In Frankreich sorgt ein Buch für Aufregung. Es handelt von Osama Bin Laden und davon, wer die wirkliche Schlüsselrolle im internationalen Terrorismus spielt
PARIS, im Dezember. Jean-Charles Brisard zögert keine Sekunde. “Die Amerikaner wollen Osama Bin Laden auf keinen Fall lebend. Erstens wollen sie ihm keine Bühne für ein Welt-Spektakel geben, und zweitens weiß er so viel über ihre Politiker und die Öl-Lobby um Präsident Bush, dass er viel Schaden anrichten kann. ” Der 33-Jährige sitzt in einem eleganten Büro seiner Beraterfirma World Information Network, das in unmittelbarer Nähe des Pariser Élysée-Palastes liegt.

1996 bekam der junge Jurist Brisard einen Traum-Auftrag: Ein französischer Geheimdienst orderte bei ihm eine Untersuchung über die Umtriebe islamischer Terroristen. Brisard reiste um die Welt, traf Geheimdienstler und Diplomaten, stöberte Dokumente auf und arbeitete als Berater eines US-Senators. Vor knapp einem Monat erschien dann ein Buch, das Brisard gemeinsam mit dem Geheimdienstspezialisten Guillaume Dasque verfasst hat: “Osama Bin Laden la verité interdite” (etwa: die unterdrückte Wahrheit).

Gleich nach Erscheinen stand das Buch auf Platz eins der französischen Bestseller-Liste. Die These der Autoren: auch mit der Ausschaltung Bin Ladens wird dessen Kampf weitergehen. Denn der wahre Terror-Staat, der seit Jahrzehnten ein Doppelspiel mit dem Westen treibe, sei Saudi-Arabien: “Es hält die Schlüsselrolle in der Verbreitung des harten Islamismus in der Welt. ” CIA und FBI, so Brisard weiter, waren über Bin Ladens Pläne seit langem informiert, aber das Washingtoner Außenministerium und die Öl-Lobby um Bush Vater und Sohn hätten jede Gegenaktion unterdrückt. Und: “Die Terror-Milliarden sind derart perfekt in der internationalen Geschäftswelt von Großbanken, Konzernen, karitativen Organisationen verwoben, dass sie nicht neutralisiert werden können. Sie sind unerlässlich für das Funktionieren der Weltwirtschaft. ” Brisard beugt sich über den Schreibtisch: “Das alles wird auch nach Bin Laden nicht verschwinden. ” Er verweist darauf, dass sie in dem Buch nicht versucht hätten, Theorien zu entwickeln, sondern dass sie in unendlicher Kleinarbeit Fakten zusammengetragen haben. “Wir haben gewissermaßen wissenschaftlich gearbeitet”, sagt Brisard.
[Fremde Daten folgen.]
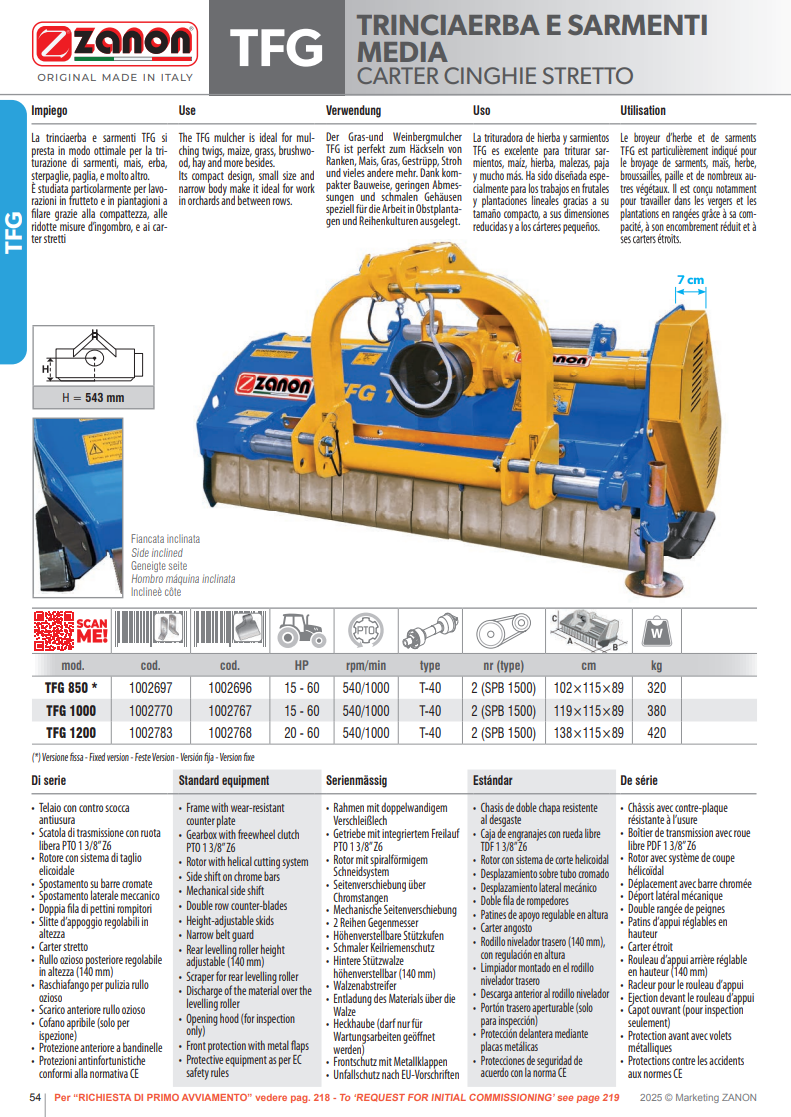 Broyeur de puissance moyenne au design compact - TFG - ZANON Vitiwald
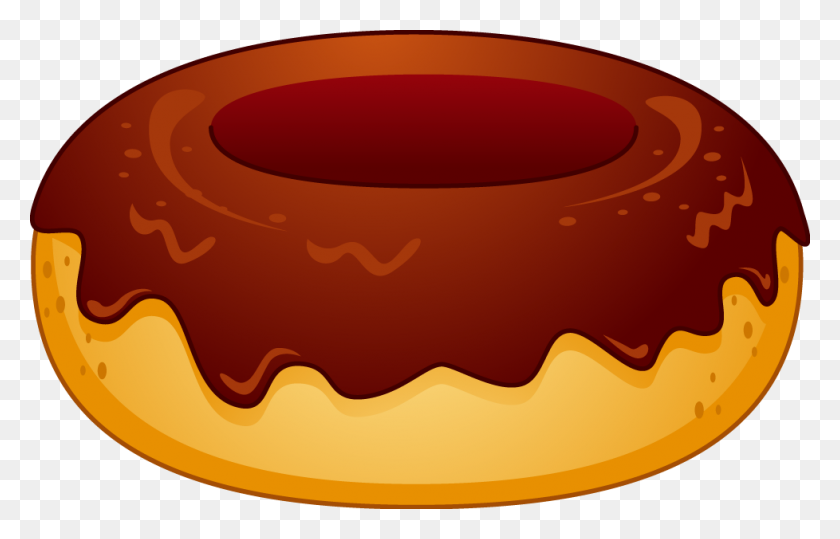 978x601 Donut Clip Art Big Chocolate - Raspberry Clipart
Dreißig Seiten sind gefüllt mit Faksimile und Quellen-Angaben, 500 Firmen und 400 Namen werden im Zusammenhang mit den Terror-Summen genannt. “Bisher”, sagt Brisard, “hat es nicht eine einzige Klage oder eine Gegendarstellung gegeben. “Das Buch, das Ende Januar auf Deutsch erscheint, dürfte vor allem die Bush-Administration und die Saudis wenig erfreuen. Es zeigt ihr Doppelspiel auf. Die Saudis hätten den Bin-Laden-Clan unermesslich reich gemacht, bis er ihnen zu gefährlich wurde. Washington brauchte Afghanistan, das Schlüsselland für die Energiereserven Zentralasiens.

Deshalb habe sich Amerika gegenüber den Taliban, die Osama Bin Laden schützten, selbst nach den Attentaten gegen die US-Botschaften in Nairobi und Daressalam noch wohlwollend gezeigt. Als Afghanistan schwer unter den vom UN-Sicherheitsrat verhängten Wirtschaftssanktionen litt, sei es sogar zu Geheimverhandlungen mit den Amerikanern über deren Erdöl-Interessen in Afghanistan gekommen. Für die Taliban eine Chance, an Geld zu kommen. Die Taliban hätten auch angeboten, Osama Bin Laden zu verraten und ihn auszuliefern. Die Amerikaner lehnten ab, trotz der Warnungen ihrer Geheimdienste vor Attentaten.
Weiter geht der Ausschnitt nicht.